Exercise> Since the pictures are not wanted, reproduce only the rest of the records, exactly as given.

[Captioned web image data]
....................

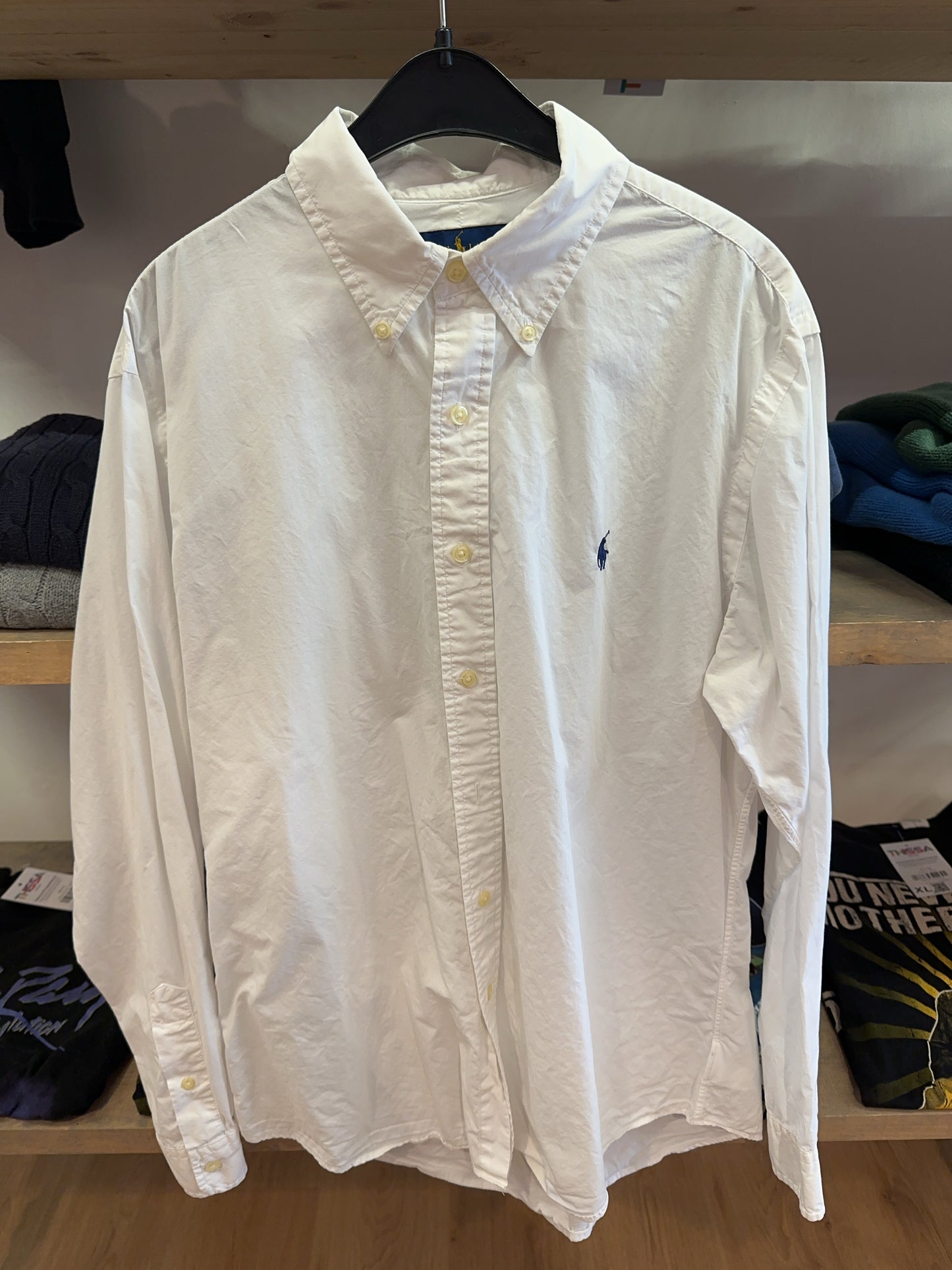 L - Ralph Lauren Shirt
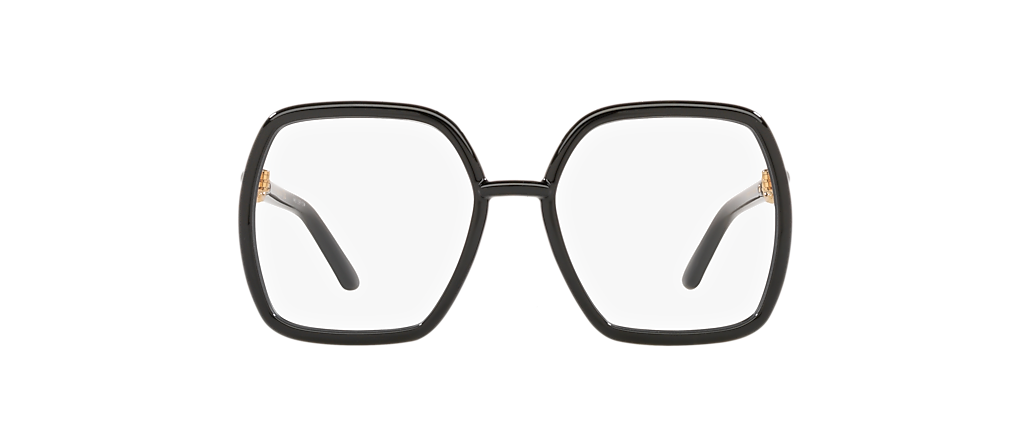 Gucci GG0890O Black Frames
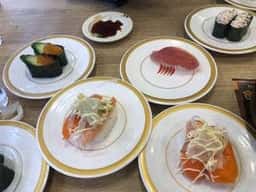 かっぱ寿司 南津守店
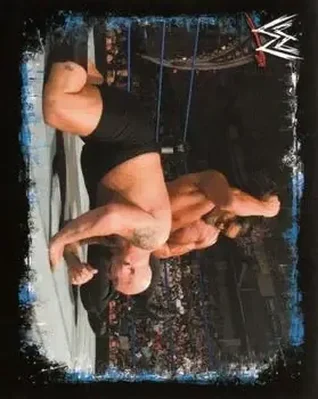 2009 Topps WWE Rivals Spanish #68 - The Great Khali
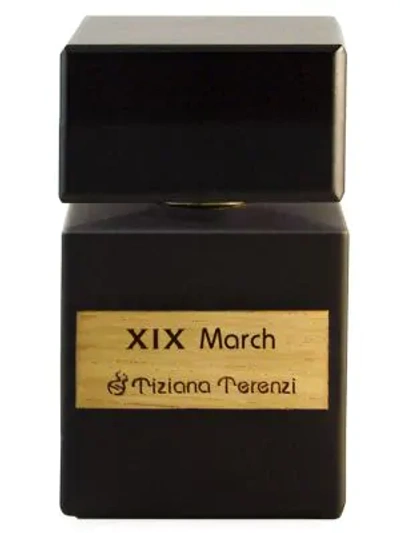 Tiziana Terenzi Xix March Extrait De Parfum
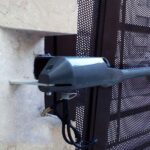 راهنمای انتخاب درب اتوماتیک با جک هیدرولیکی درب پارکینگ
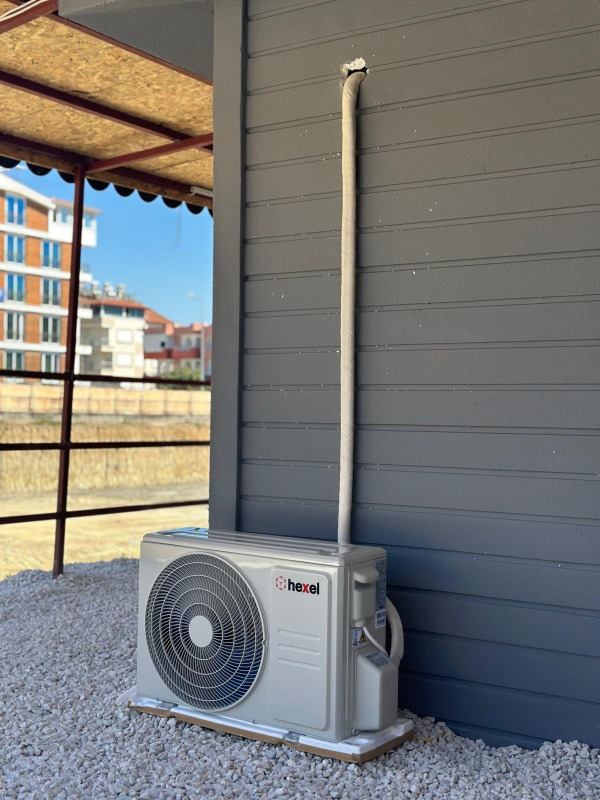 Hexel Sky Split A++ 12000 Btu Duvar Tipi Klima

....................

Answer>
 L - Ralph Lauren Shirt
 Gucci GG0890O Black Frames
 かっぱ寿司 南津守店
 2009 Topps WWE Rivals Spanish #68 - The Great Khali
 Tiziana Terenzi Xix March Extrait De Parfum
 راهنمای انتخاب درب اتوماتیک با جک هیدرولیکی درب پارکینگ
 Hexel Sky Split A++ 12000 Btu Duvar Tipi Klima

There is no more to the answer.